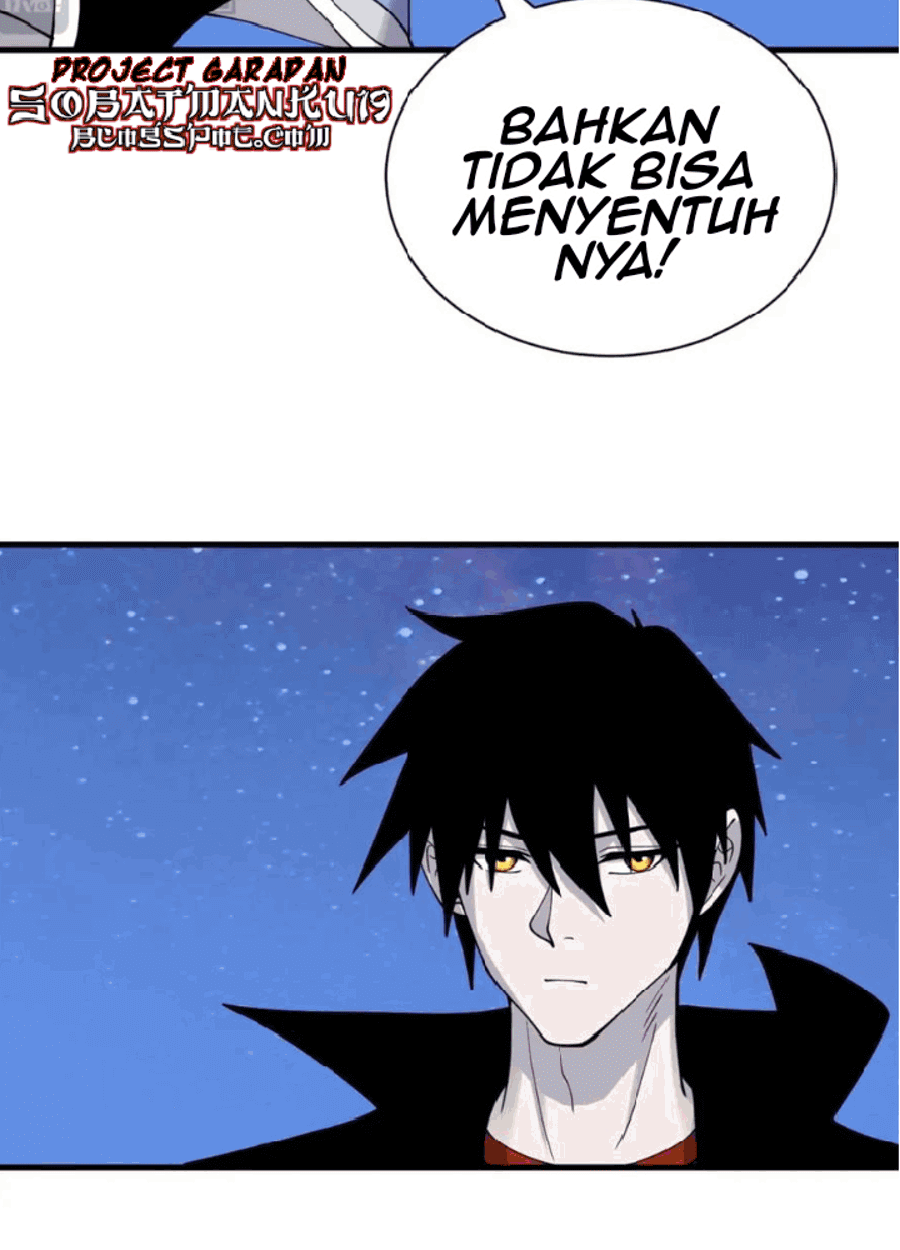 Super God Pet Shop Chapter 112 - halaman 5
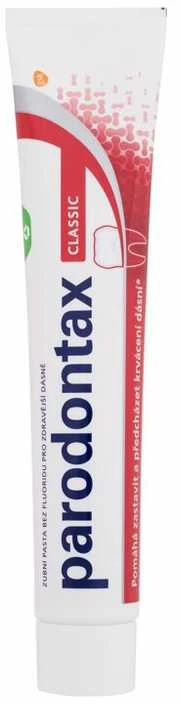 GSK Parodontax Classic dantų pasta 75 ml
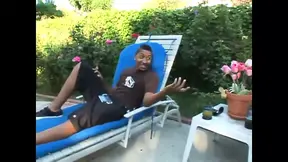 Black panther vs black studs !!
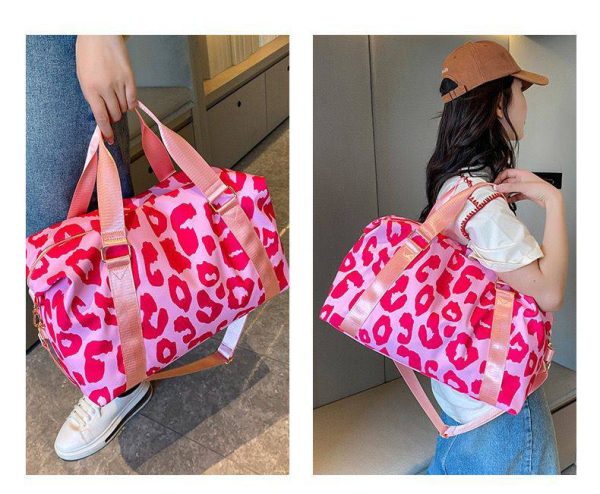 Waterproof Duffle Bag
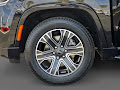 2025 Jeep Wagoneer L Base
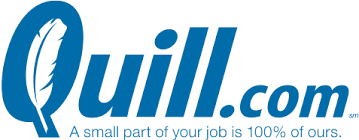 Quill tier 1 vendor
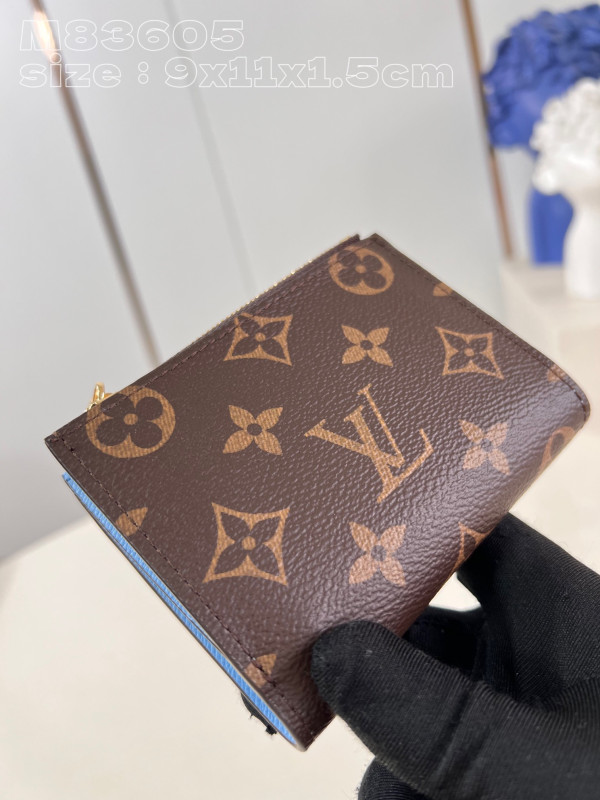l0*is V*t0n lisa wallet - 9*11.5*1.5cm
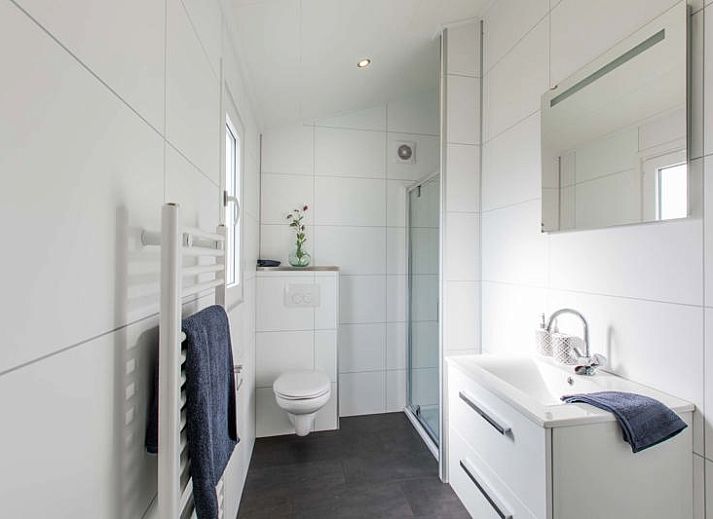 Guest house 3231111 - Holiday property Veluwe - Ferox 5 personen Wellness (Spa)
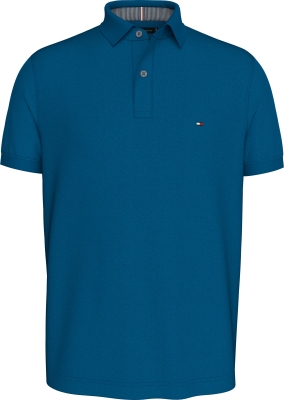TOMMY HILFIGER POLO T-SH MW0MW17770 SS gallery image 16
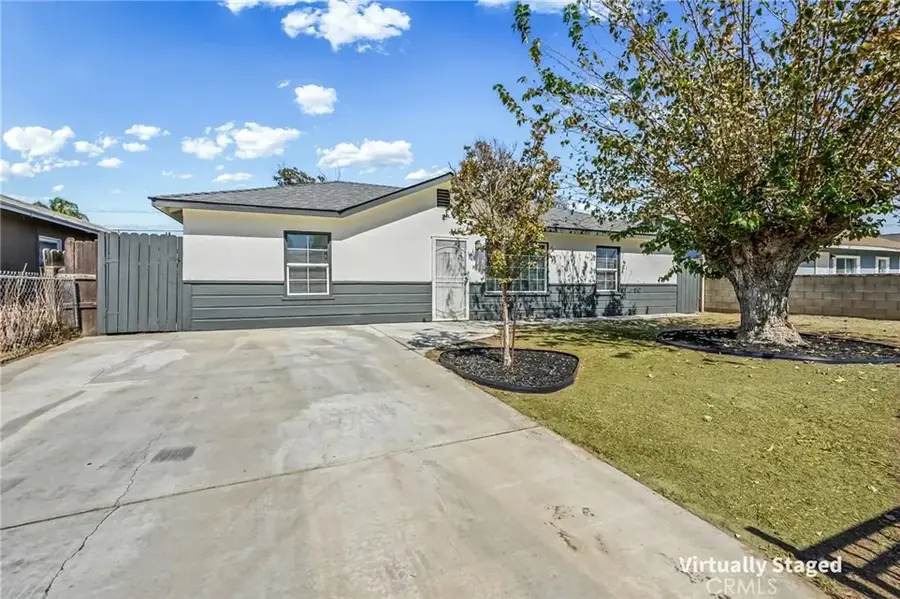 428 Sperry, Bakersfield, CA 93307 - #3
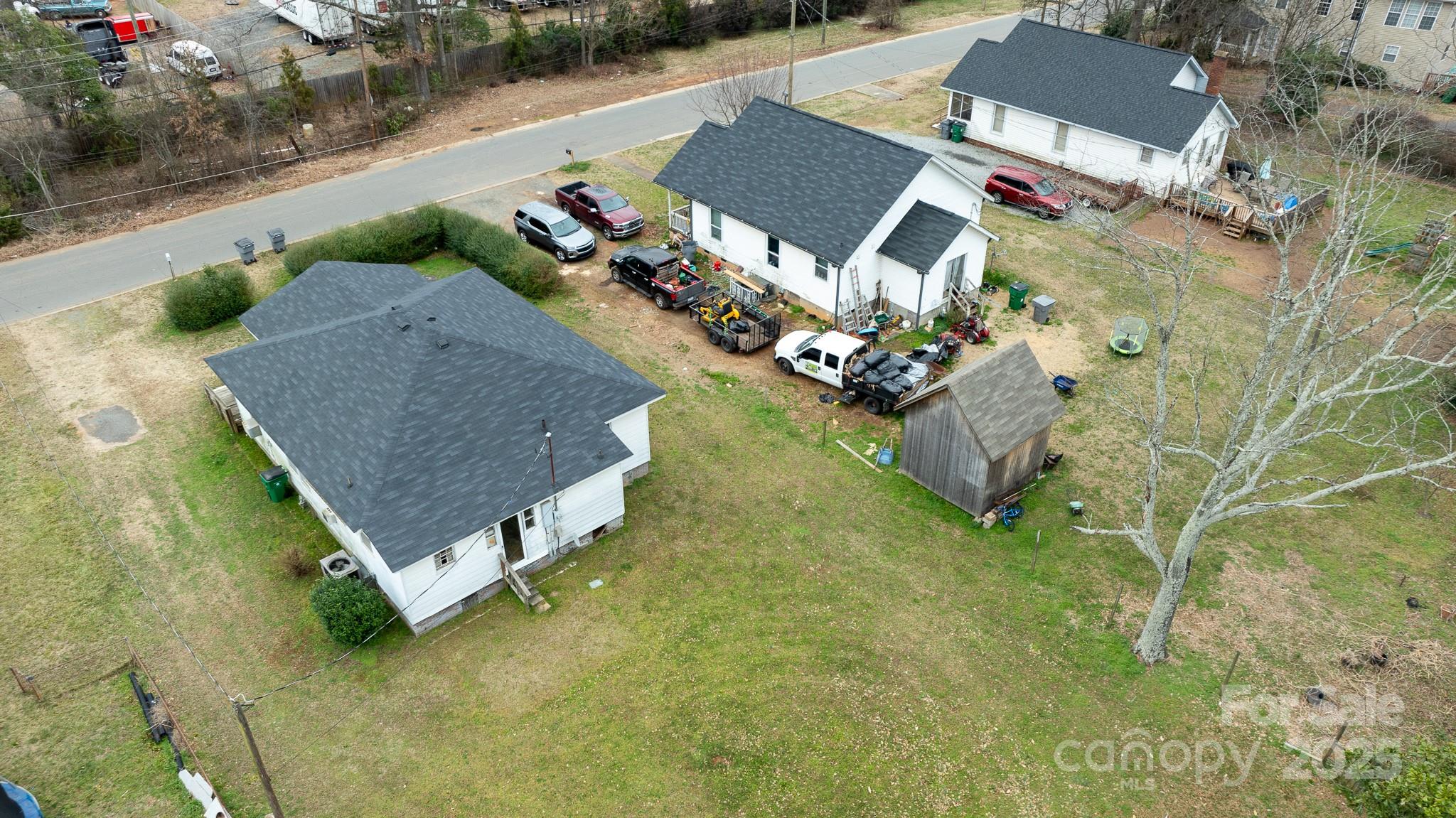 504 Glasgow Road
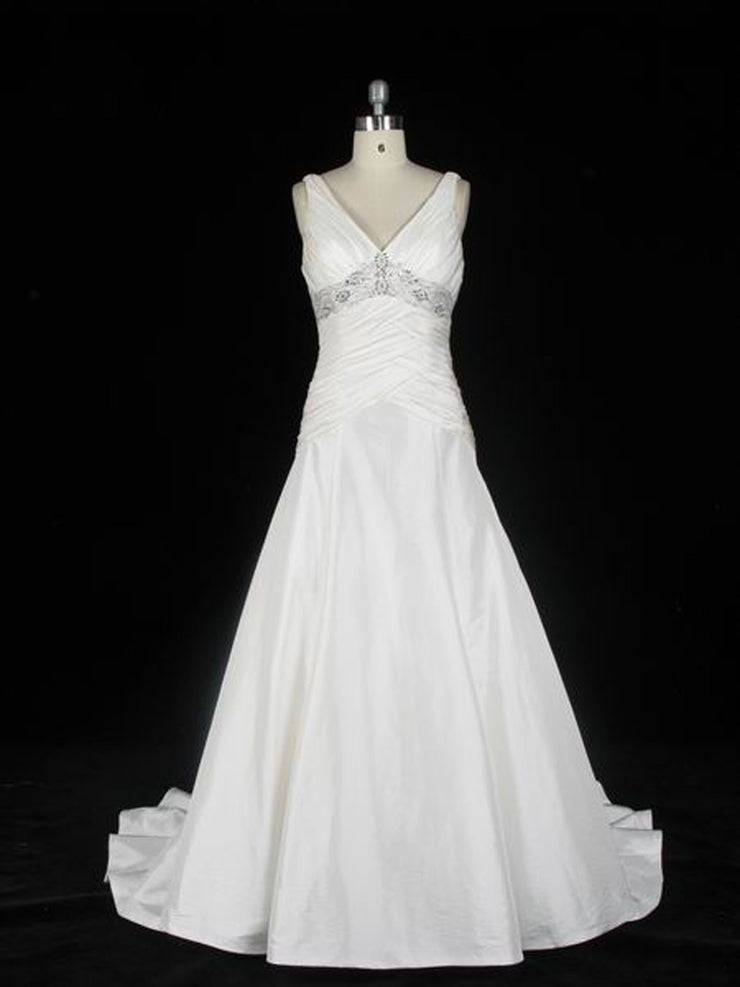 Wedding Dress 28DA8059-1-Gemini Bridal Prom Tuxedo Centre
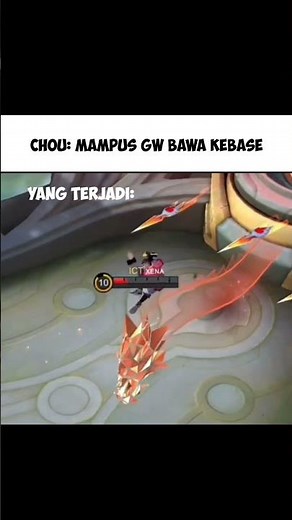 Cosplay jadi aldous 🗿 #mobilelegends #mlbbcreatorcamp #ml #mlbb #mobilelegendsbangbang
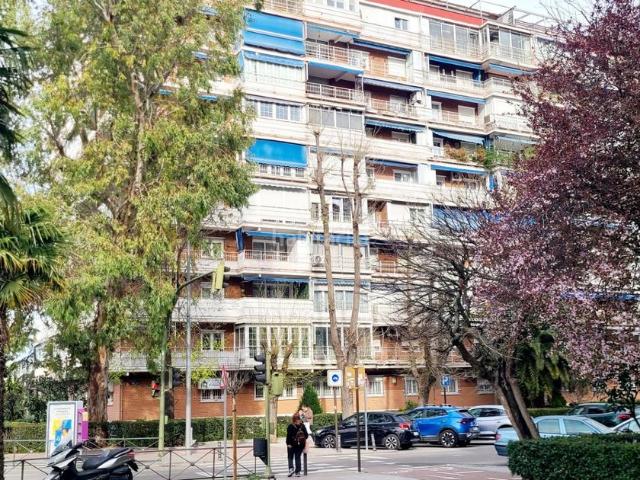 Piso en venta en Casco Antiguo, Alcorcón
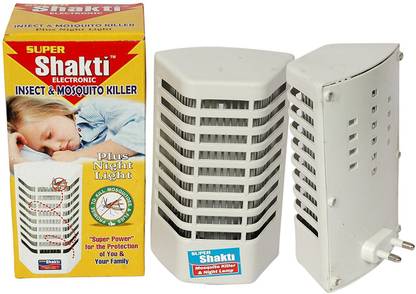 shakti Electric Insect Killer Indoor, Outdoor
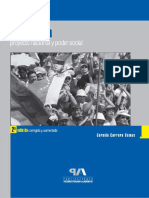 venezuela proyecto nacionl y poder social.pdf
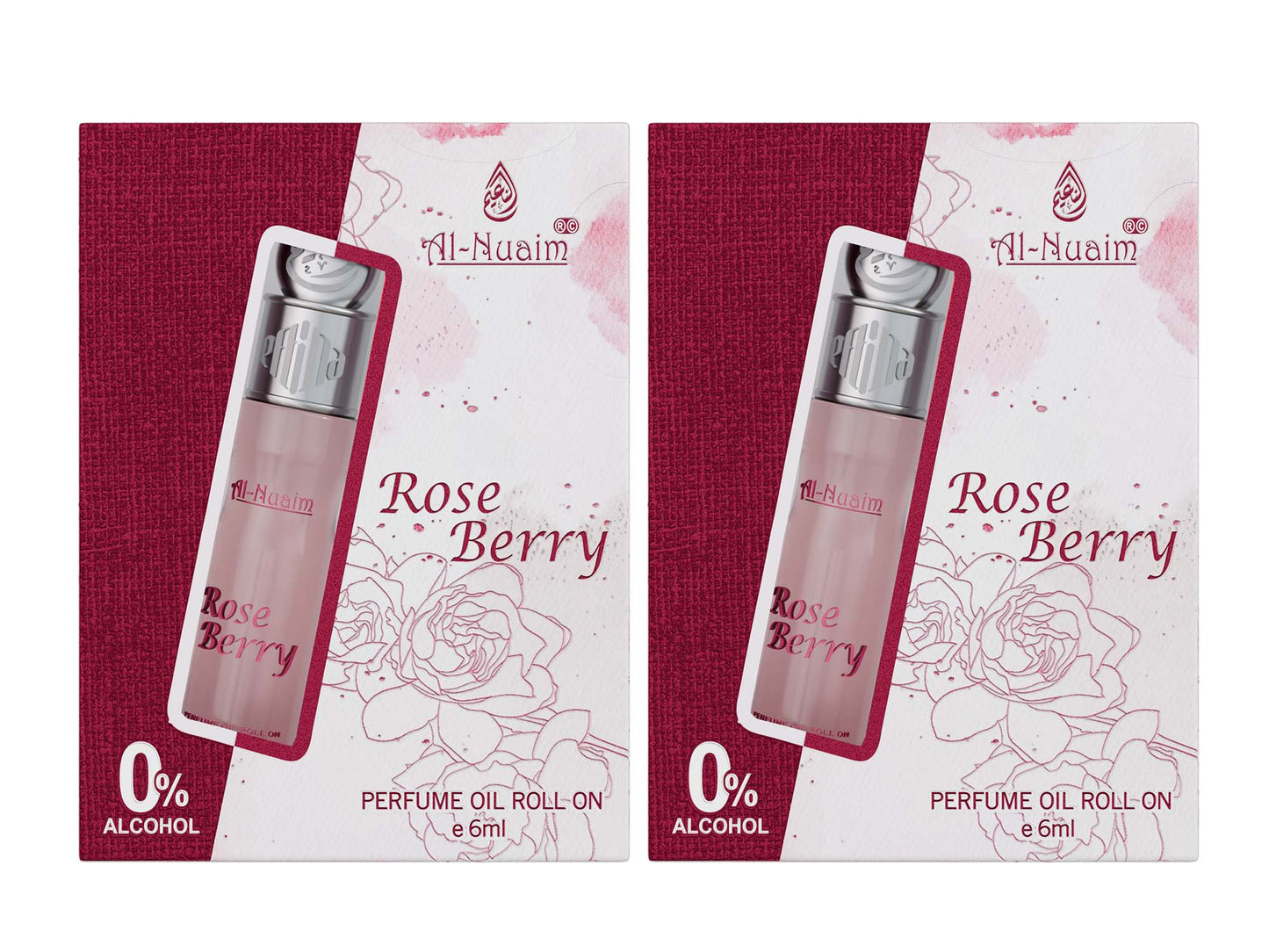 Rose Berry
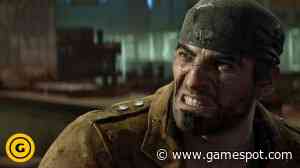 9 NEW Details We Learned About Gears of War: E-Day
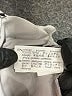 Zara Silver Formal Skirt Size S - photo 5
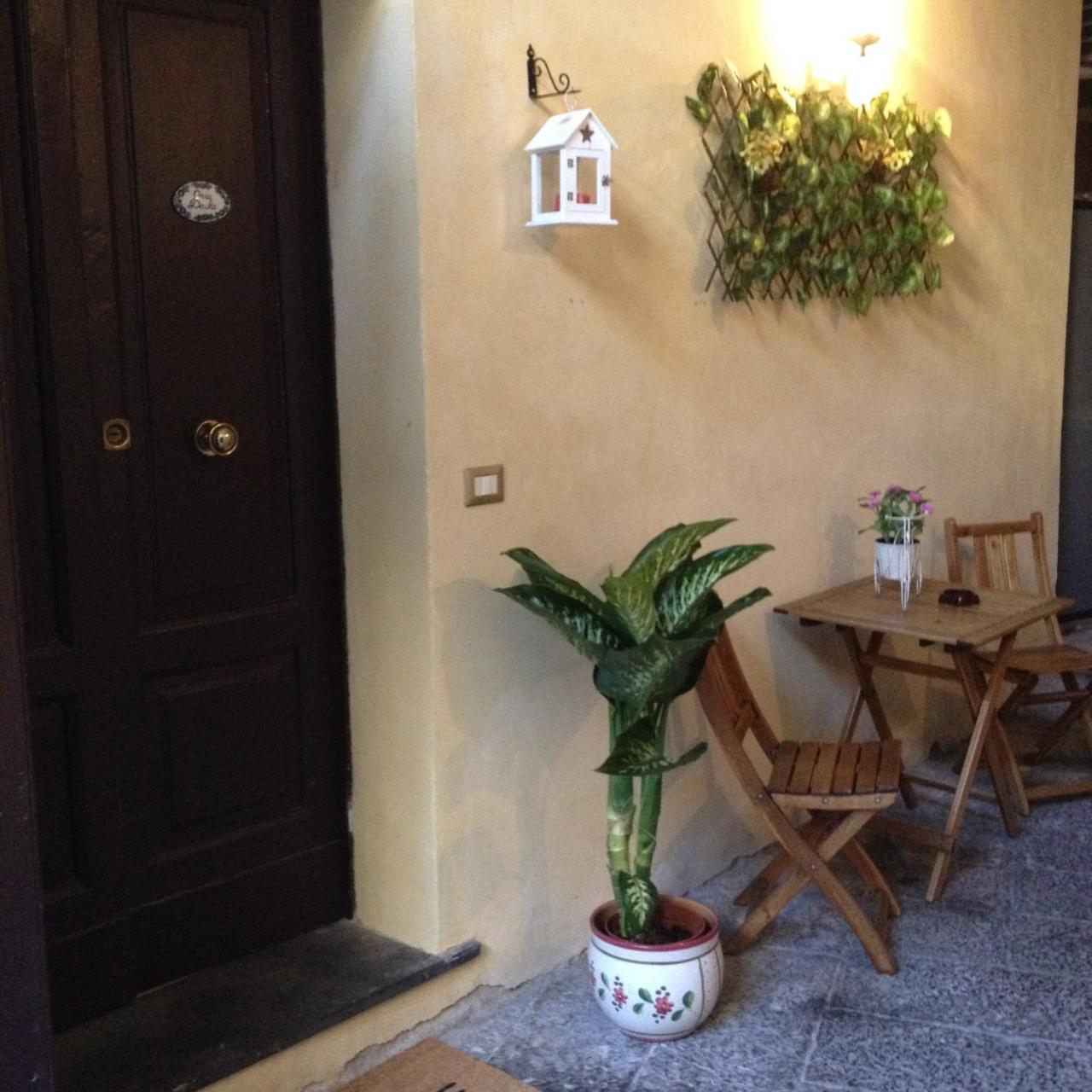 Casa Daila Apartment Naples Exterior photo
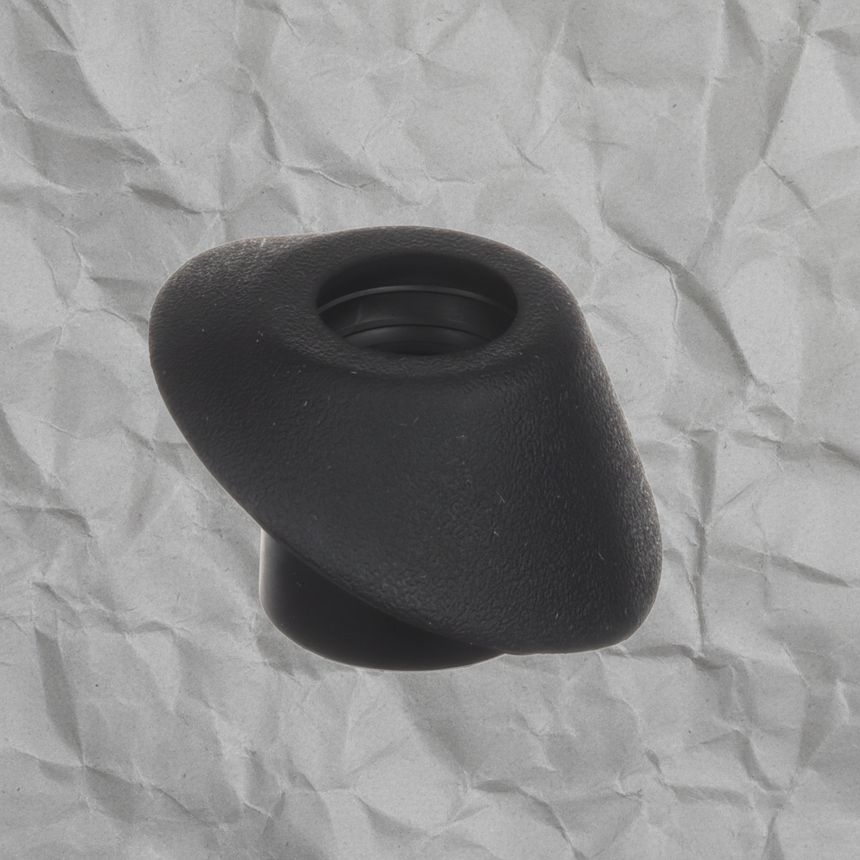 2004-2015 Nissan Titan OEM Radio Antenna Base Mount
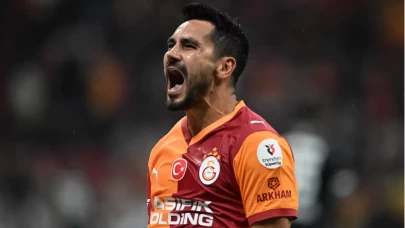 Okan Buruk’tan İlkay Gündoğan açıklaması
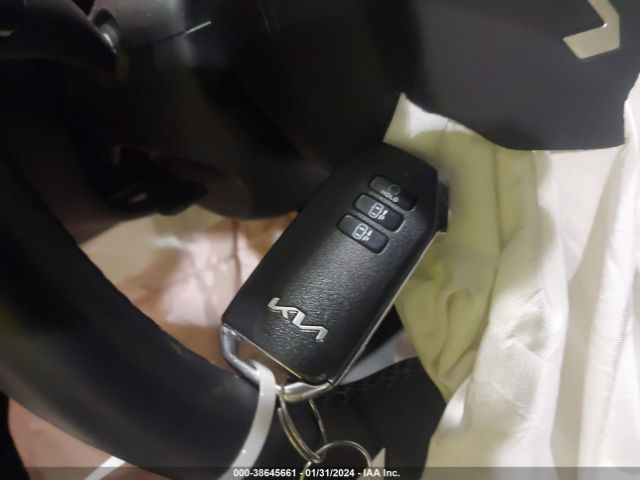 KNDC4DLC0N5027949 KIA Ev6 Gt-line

■ ■ ■ ■

■ **Task directions**
Copy every line of the listing above exactly. Leave each picture out.

■ **Reply to the task**
 Super God Pet Shop Chapter 112 - halaman 5
 GSK Parodontax Classic dantų pasta 75 ml
 Black panther vs black studs !!
 Waterproof Duffle Bag
 2025 Jeep Wagoneer L Base
 Quill tier 1 vendor
l0*is V*t0n lisa wallet - 9*11.5*1.5cm
 Guest house 3231111 - Holiday property Veluwe - Ferox 5 personen Wellness (Spa)
TOMMY HILFIGER POLO T-SH MW0MW17770 SS gallery image 16
 428 Sperry, Bakersfield, CA 93307 - #3
 504 Glasgow Road
 Wedding Dress 28DA8059-1-Gemini Bridal Prom Tuxedo Centre
 Cosplay jadi aldous 🗿 #mobilelegends #mlbbcreatorcamp #ml #mlbb #mobilelegendsbangbang
 Piso en venta en Casco Antiguo, Alcorcón
 shakti Electric Insect Killer Indoor, Outdoor
 venezuela proyecto nacionl y poder social.pdf
 Rose Berry
 9 NEW Details We Learned About Gears of War: E-Day
 Zara Silver Formal Skirt Size S - photo 5
 Casa Daila Apartment Naples Exterior photo
 2004-2015 Nissan Titan OEM Radio Antenna Base Mount
 Okan Buruk’tan İlkay Gündoğan açıklaması
 KNDC4DLC0N5027949 KIA Ev6 Gt-line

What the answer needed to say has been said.